Tal discussão com relação aos gastos com a Otan existe desde sua criação. Mas é a primeira vez nos últimos 70 anos que os sentimentos isolacionistas americanos impuseram sua agenda de forma central no governo nacional. O líder ocasional, Trump, não era candidato natural a empunhar tal bandeira. Longe disso. Mas ele, desprovido de maiores escrúpulos, compreendeu e se apropriou do momento. Muitas das bandeiras que empunhou ele vem, como previsto, deixando de lado.

A pressão para a reformulação orçamentária da Otan não será uma delas. Afinal, bilhões a mais gastos por outras terras com defesa incrementariam distintamente os lucros de empresas americanas. Um extraordinário lobista; ao mesmo tempo que reúne maior capacidade militar e tecnológica em torno dos EUA.

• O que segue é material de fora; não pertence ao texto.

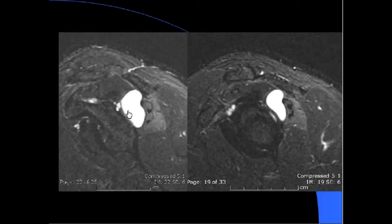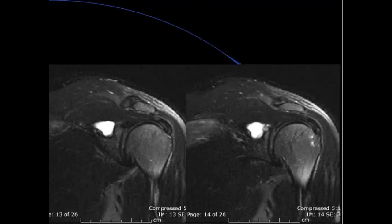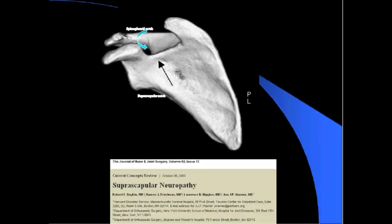Let's review the anatomy of the scapula. There are two notches: the spinoglenoid notch, where the spine attaches to the body posteriorly, and the suprascapular notch, which is the more anterior gentle concavity. What we saw was a large spinoglenoid notch cyst extending anteriorly, potentially coming into the suprascapular notch.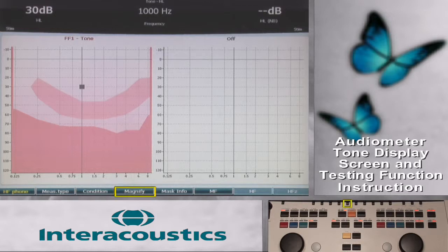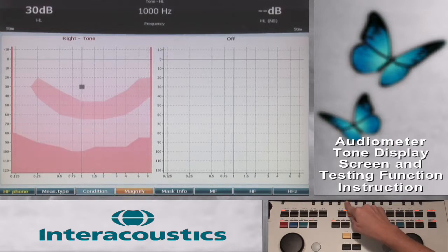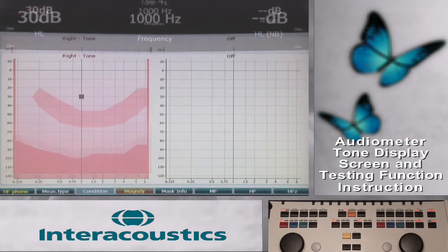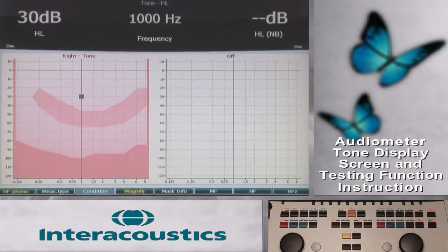The Magnify function key will increase the size of the top bar to display the frequency and decibel level of channel 1 and channel 2.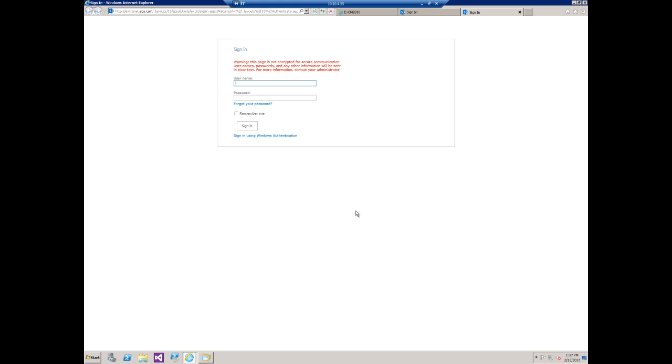As you can see that takes me to the sign-in page which for a user who has never registered, they're not going to have a username or password. We don't have anonymous registration or self-registration turned on in this case so they can't request access. So how can we eliminate some of that?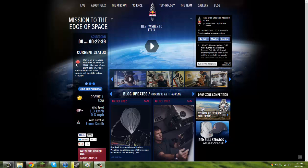But we're on a red line. We're on a weather hold due to winds at 700 feet at the top of our giant balloon. Next update expected soon. Launch not possible before 7:30 MDT.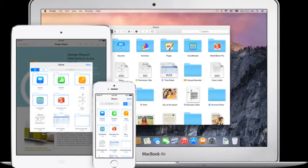iCloud Drive is pretty much a copy of Google Drive, so if you know what Google Drive is, then you know what iCloud Drive is. iCloud Drive — you can save your presentations, spreadsheets, PDFs, and images, and it will be stored up to the iCloud base, and you can access it from any of your devices running iOS or on the PC.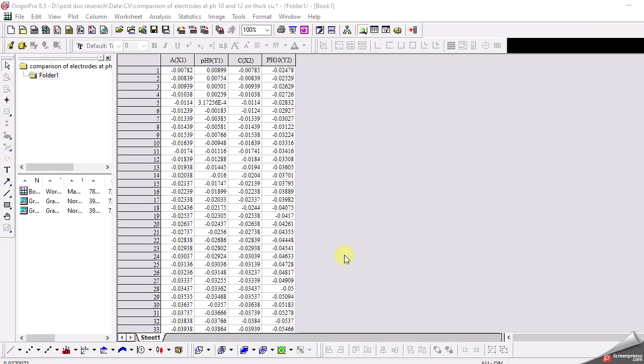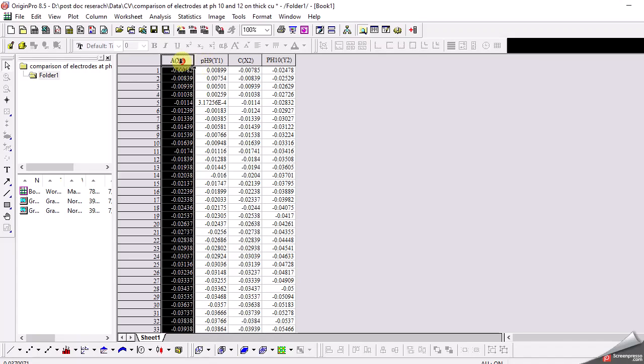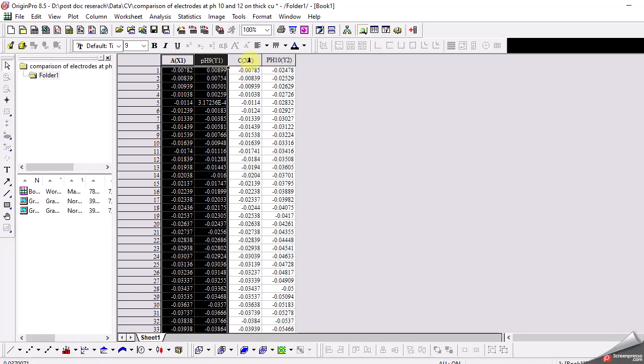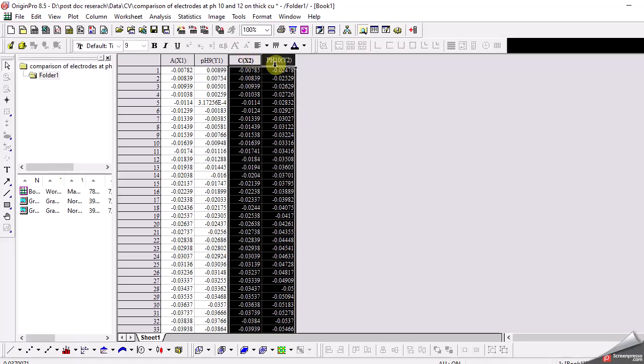Today we have data from cyclic voltammetry, which is a technique where we have voltage and current data for a sample. We have four columns with data from two samples. The first sample has voltage changing on the x-axis and current on the y-axis, labeled pH 9 because the sample was prepared at pH 9. The second sample is similar with voltage and current.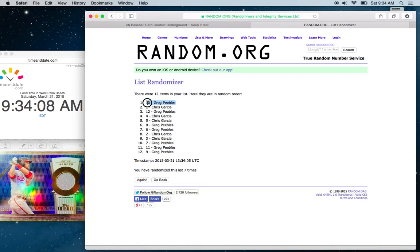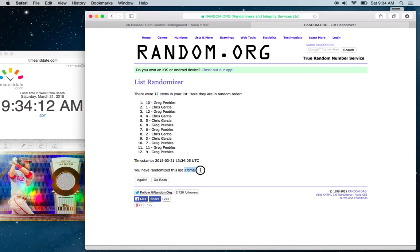Looks like the winner is Greg. As you can see, we have 12 items on the list. We went seven times. Greg is on top.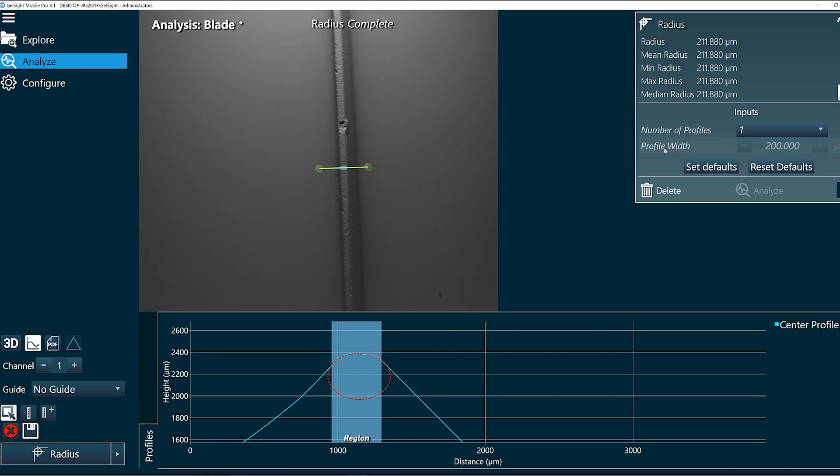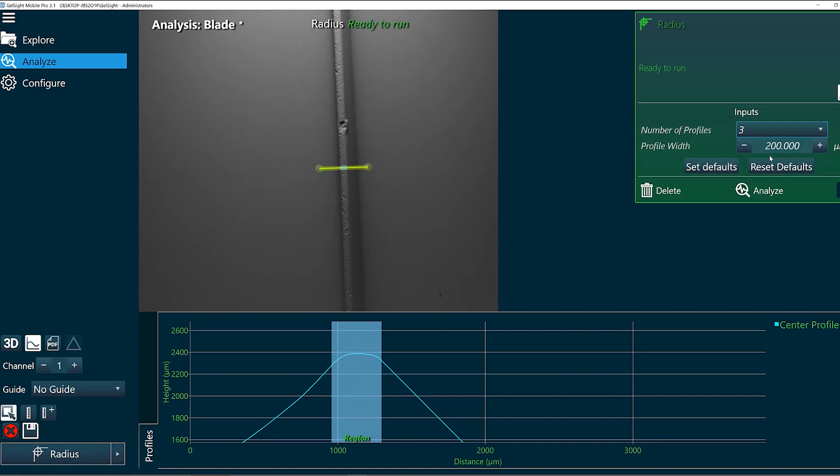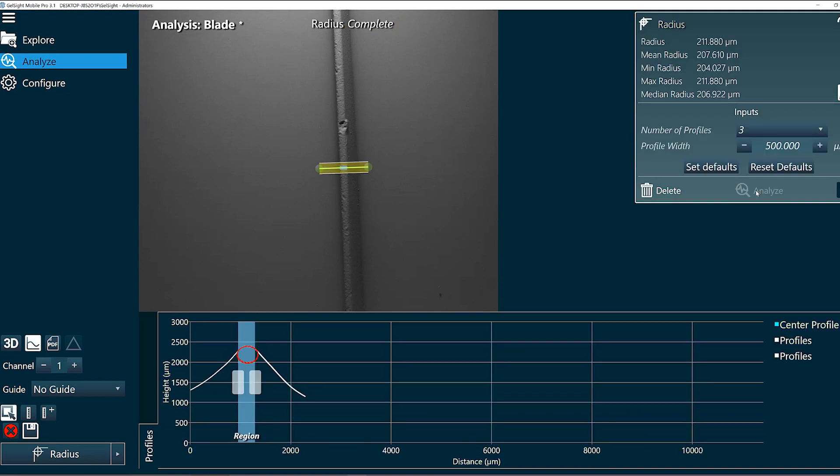So one advantage of Gelsite is that it's an area scan camera so we can measure multiple profiles at the same time. Maybe I want to measure three profiles across a width of 500 microns. I'll enter three profiles and 500 and click analyze.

Seja lá o que resultará dos encontros, desencontros e embates dos próximos anos é curioso ver os EUA colocando em dúvida, pela primeira vez, o equilíbrio do Atlântico Norte. Discussões e agendas tateadas durante décadas e coroadas com o Tiar (Tratado Interamericano de Assistência Recíproca), assinado no Rio de Janeiro em 1947. À época, frise-se, ancorada na estabilidade e prosperidade de Europa e Japão. Hoje, a dissolução aberta de novos arranjos está de olho no crescimento de "Estados não operacionais” e regiões conflagradas.

Com o deslocamento da massa econômica para o Pacífico, a Otan realmente talvez tenda a perder mais e mais seu protagonismo. Seu esfarelamento por questões políticas não serviría, entretanto, à paz, nem tampouco sua manutenção como mero grande esquema de demanda lucrativa para a indústria bélica.

Porque com a ousadia e maldade do terror a capacidade militar é cada vez mais necessária. E ao não permitir restaurar a distinção entre combatentes e não-combatentes o terrorismo aumentou a insegurança de todos, mas não a ponto de diminuir a obediência voluntária ao Estado, da maioria que tem juízo. (Com Henrique Delgado)

*Paulo Delgado é copresidente do Conselho de Economia, Sociologia e Política da FecomercioSP. Artigo publicado no jornal Estado de Minas no dia 28 de maio de 2017.